The ruling could benefit exploration and production companies along with other pipeline customers if it results in lower costs to move their gas to market, analysts at energy investment bank Tudor Pickering Holt & Co. said. "Because the decision applies only to cost-of-service contracts, operators such as [Antero Resources Corp.], who has 1.5 Bcf/d of upcoming cost-of-service capacity, are set to benefit on the margin while operators with negotiated rate contracts will see no change."
Otherwise, drillers and their affiliated midstream MLPs will not be much affected by the FERC decision to eliminate a pipeline MLP's inclusion of income taxes in cost-of-service calculations, the analysts said March 16.

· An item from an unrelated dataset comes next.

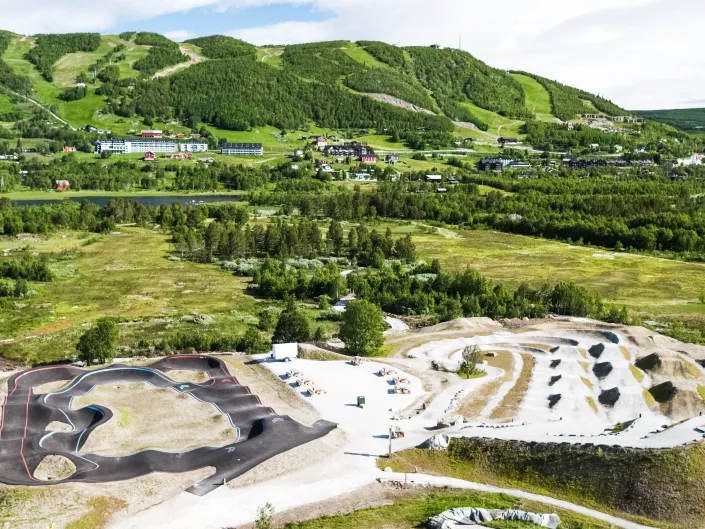 Geilo-LOCKHART, pumptracker og i bakgrunnen er skisenteret/sommersenteret.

"Most transmission assets owned by our coverage universe have negotiated rate contracts, insulating them from negative headwinds," Tudor Pickering said. "Specially, we point to [Anadarko Petroleum Corp.], [Antero], [CNX Resources Corp.], [Devon Energy Corp.], [Noble Energy Inc.], and [Oasis Petroleum Inc.] as entities with interests in publicly traded MLPs that have zero/minimal exposure to FERC regulated assets. All-in, no change to our view of the space."

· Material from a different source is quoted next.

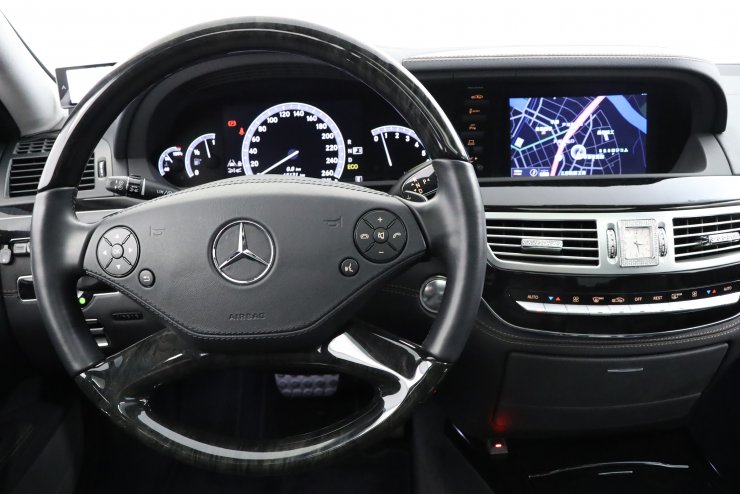 メルセデスベンツ Sクラス S550 Blue EFFICIENCY Long ~Grand Edition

Nonetheless, investors dumped their MLP units in the wake of the March 15 decision, sending the benchmark Alerian MLP Index down 4.6% that day. Much of that antipathy was misplaced, analysts said.

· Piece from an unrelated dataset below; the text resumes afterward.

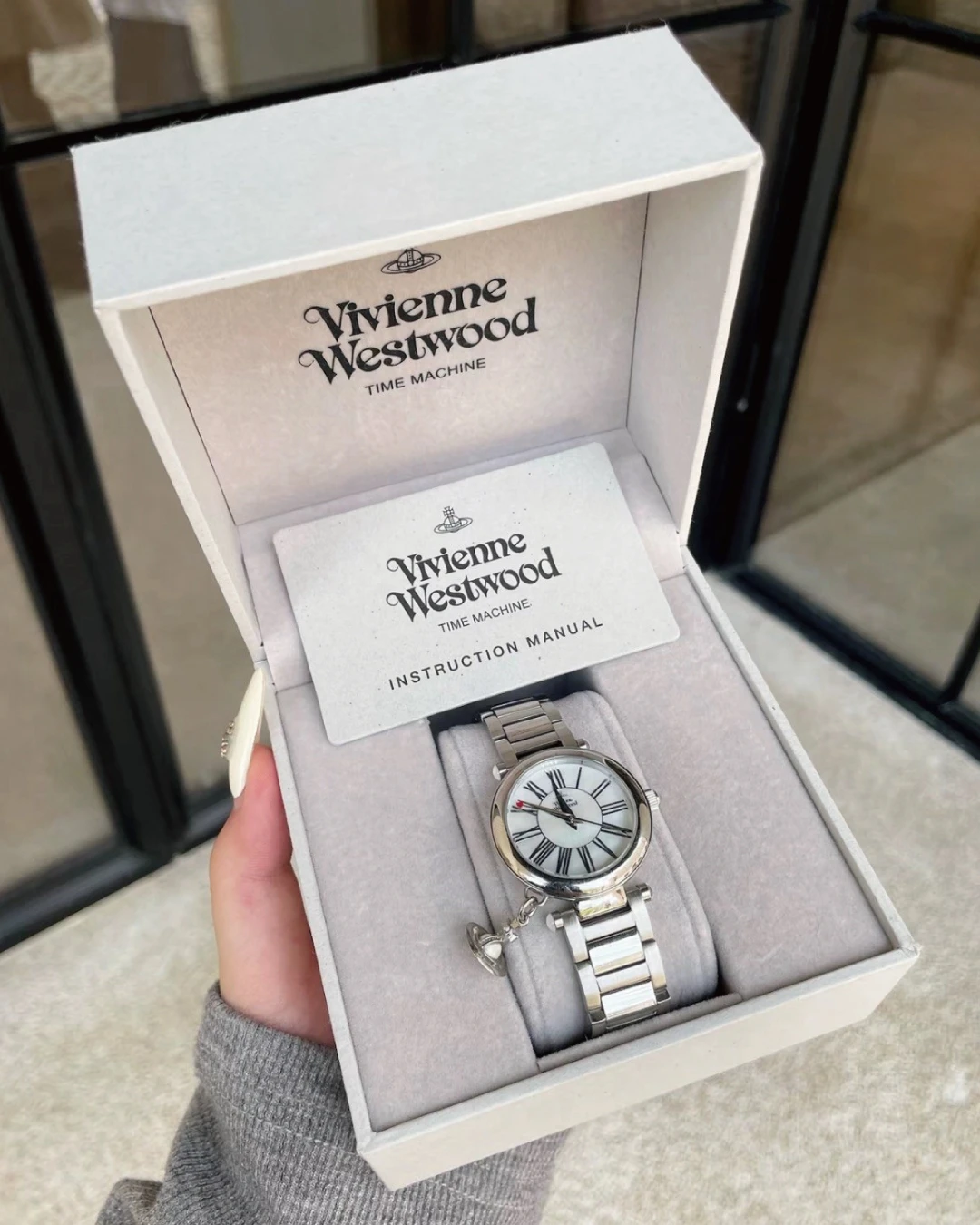 Vivienne Westwood｜西太后 薇薇安 不鏽鋼手錶 銀白色 防水 土星吊墜 石英機芯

"The selloff impacted the whole midstream sector, though C-corps and MLPs that own fewer interstate pipelines should be less impacted," CreditSights analyst Charles Johnston said. "FERC regulates interstate pipelines, so assets like gathering, processing, fractionation and export terminals shouldn't be impacted the by FERC ruling."
"Names without interstate pipeline exposure and limited FERC regulated tariffs should not be materially impacted," B. Riley FBR Inc. analyst Benjamin Salisbury said.
The gathering and processing operations of most shale midstream MLPs with producer sponsors — EQT Midstream Partners LP, CNX Midstream Partners LP, Antero Midstream Partners LP and Anadarko's Western Gas Partners LP, for example — are not under FERC jurisdiction because they do not transport gas interstate. Commonly, they gather gas from producers' wells, process it to remove gas liquids if required, and deliver it to giant interstate pipelines such as Transcontinental Gas Pipe Line Co. LLC.
EQT Midstream said March 16 that it did not expect a material impact from the ruling. More than half of its revenue comes from gathering, and 89% of its service is provided under negotiated rates. The partnership's Mountain Valley Pipeline LLC pipeline project, which will ship shale gas from West Virginia to Virginia, has all of its 2 Bcf/d capacity booked under negotiated rates. These pipeline service rates are hammered out in agreements between a pipeline and a shipper under FERC supervision.
Williams Cos. Inc.'s Williams Partners LP, which operates the Transco system and which will be subject to the new FERC tax ruling, was not worried about the change. "Given the relatively small percentage of our revenues that are affected by this ruling, we don't expect this ruling to impact our previous guidance for [Williams] and [Williams Partners] cash dividends and distributions and related growth rates," CEO Alan Armstrong said in a March 16 statement. "Additionally, as we've often discussed, we are well-positioned to execute on corporate structure changes, which would restore the income tax allowance to the pipeline's cost of service rates."